* [Problem]
Extract the records in full, leaving every picture out.

* [Records]
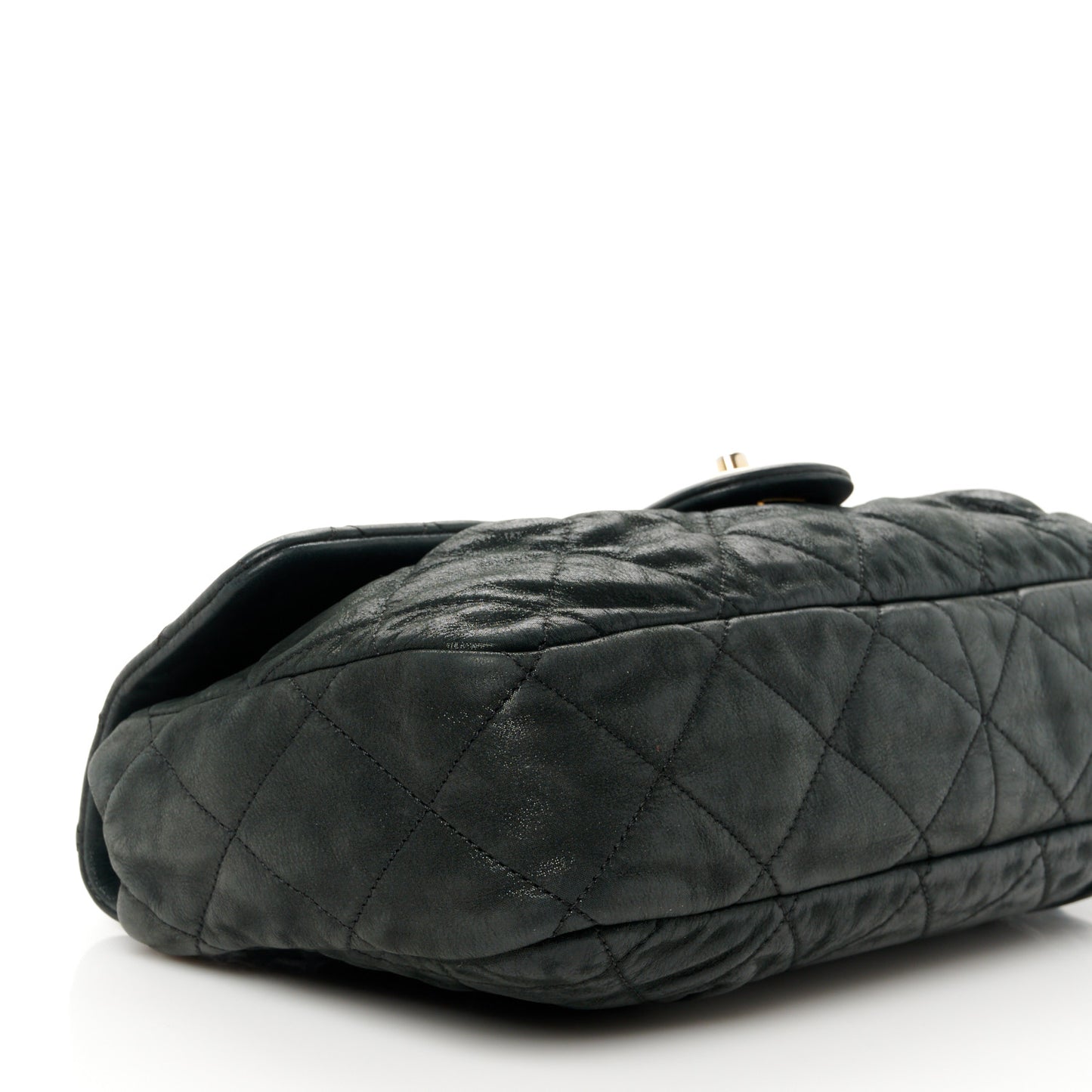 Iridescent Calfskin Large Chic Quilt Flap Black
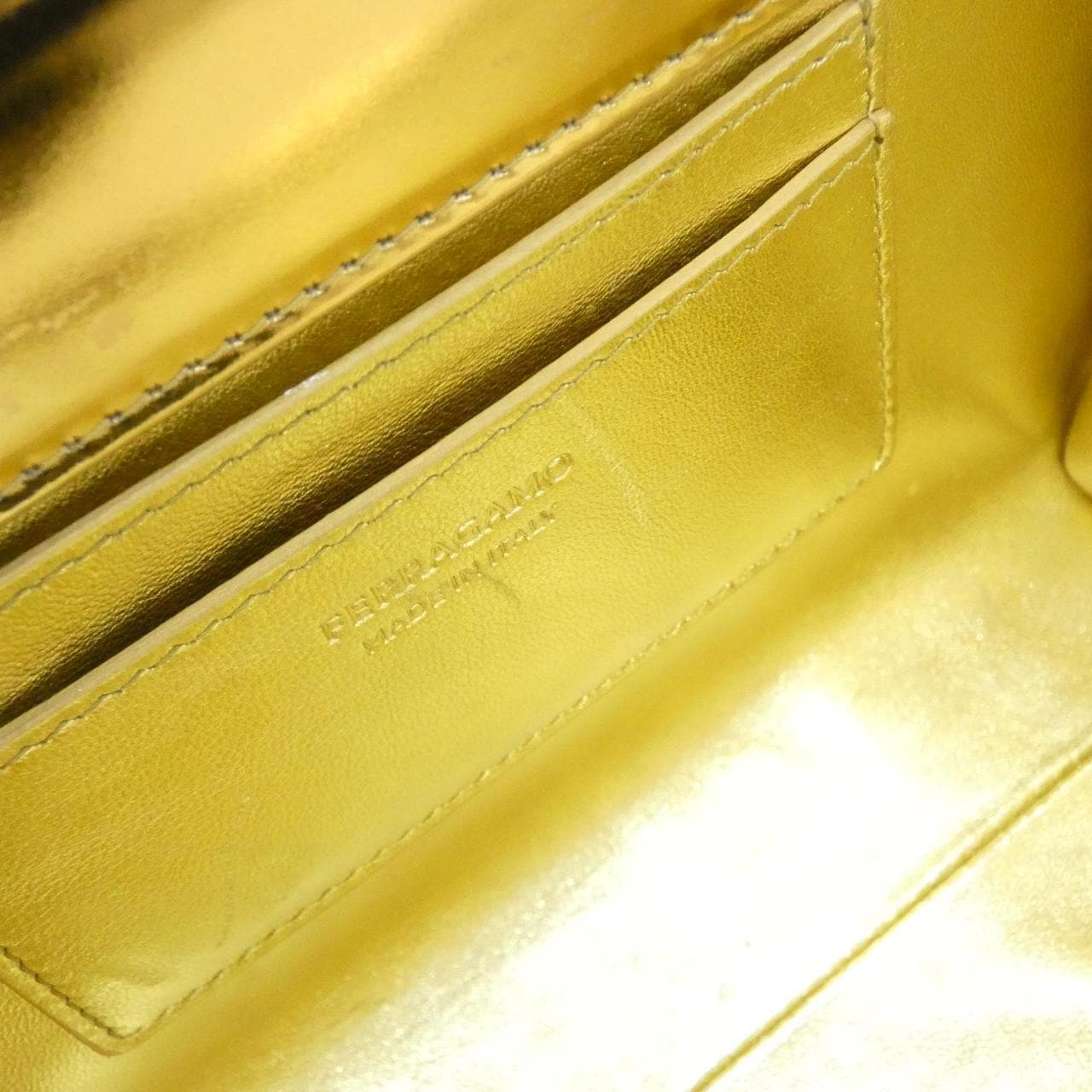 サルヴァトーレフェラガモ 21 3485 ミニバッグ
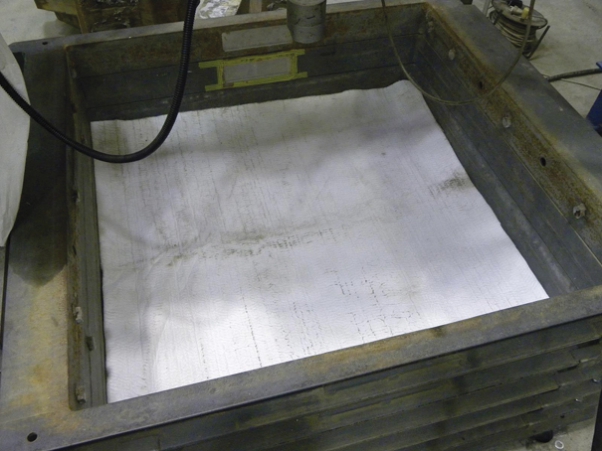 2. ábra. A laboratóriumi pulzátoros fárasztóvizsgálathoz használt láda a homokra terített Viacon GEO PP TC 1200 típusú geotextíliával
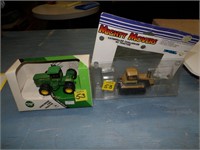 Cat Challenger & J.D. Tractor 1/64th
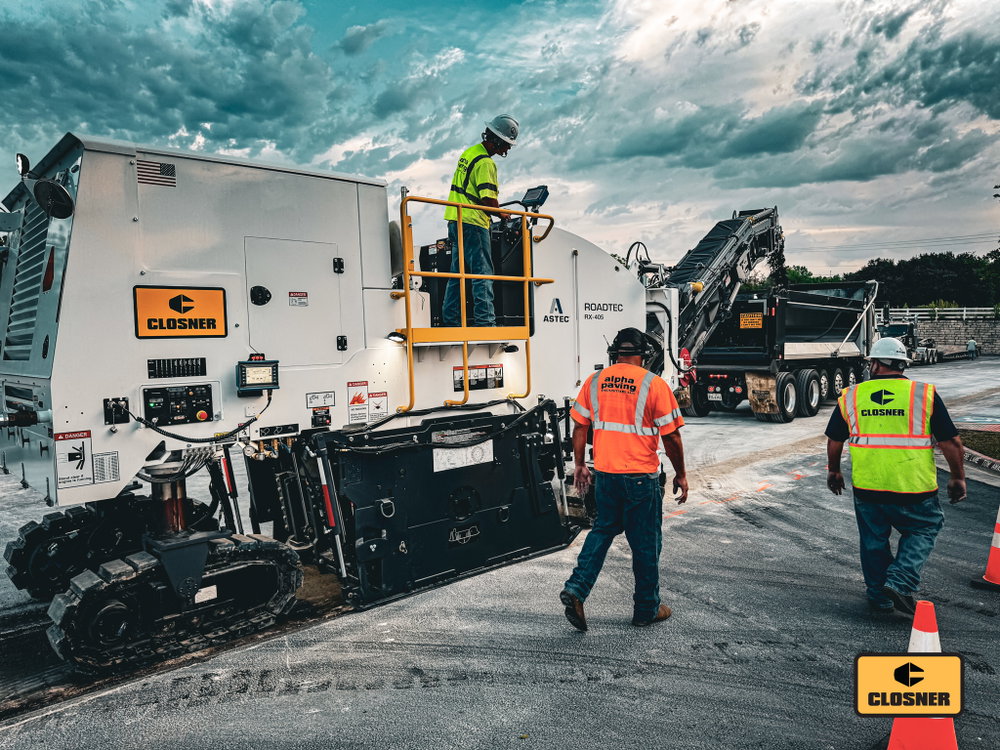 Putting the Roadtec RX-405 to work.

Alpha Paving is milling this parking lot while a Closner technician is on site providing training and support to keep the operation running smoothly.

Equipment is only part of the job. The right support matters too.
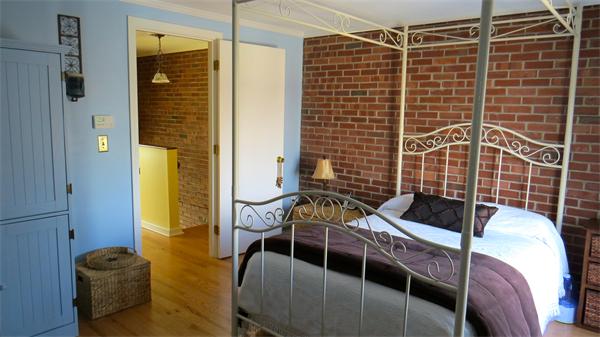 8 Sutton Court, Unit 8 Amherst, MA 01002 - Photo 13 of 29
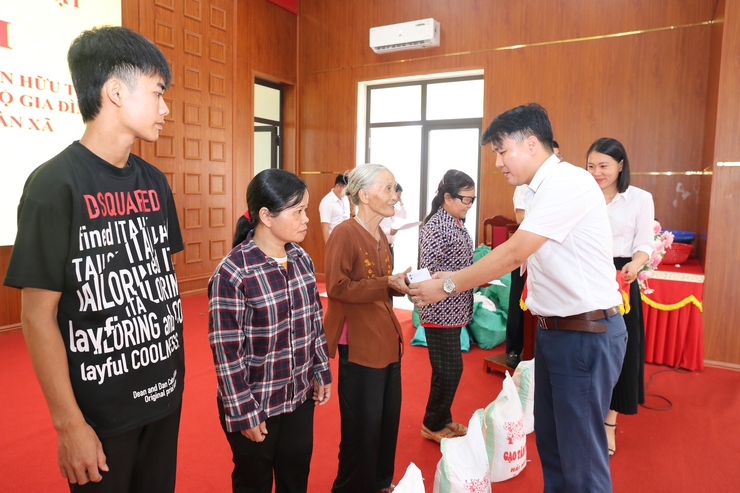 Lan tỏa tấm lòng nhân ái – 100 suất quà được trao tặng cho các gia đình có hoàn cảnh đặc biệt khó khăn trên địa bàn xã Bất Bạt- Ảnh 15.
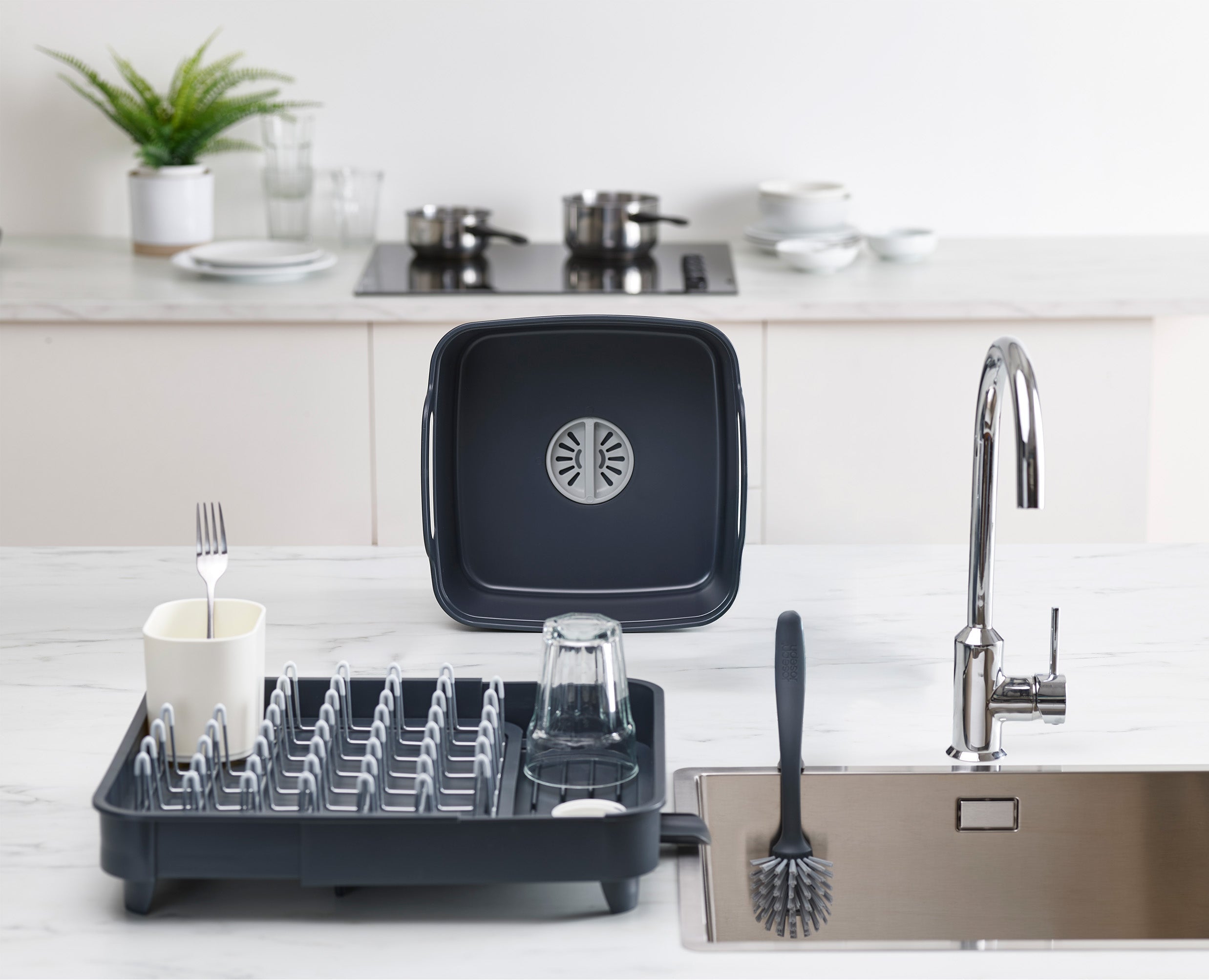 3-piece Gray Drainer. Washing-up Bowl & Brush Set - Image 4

* [Your response]
 Iridescent Calfskin Large Chic Quilt Flap Black
 サルヴァトーレフェラガモ 21 3485 ミニバッグ
 2. ábra. A laboratóriumi pulzátoros fárasztóvizsgálathoz használt láda a homokra terített Viacon GEO PP TC 1200 típusú geotextíliával
 Cat Challenger & J.D. Tractor 1/64th
 Putting the Roadtec RX-405 to work.

Alpha Paving is milling this parking lot while a Closner technician is on site providing training and support to keep the operation running smoothly.

Equipment is only part of the job. The right support matters too.
 8 Sutton Court, Unit 8 Amherst, MA 01002 - Photo 13 of 29
 Lan tỏa tấm lòng nhân ái – 100 suất quà được trao tặng cho các gia đình có hoàn cảnh đặc biệt khó khăn trên địa bàn xã Bất Bạt- Ảnh 15.
 3-piece Gray Drainer. Washing-up Bowl & Brush Set - Image 4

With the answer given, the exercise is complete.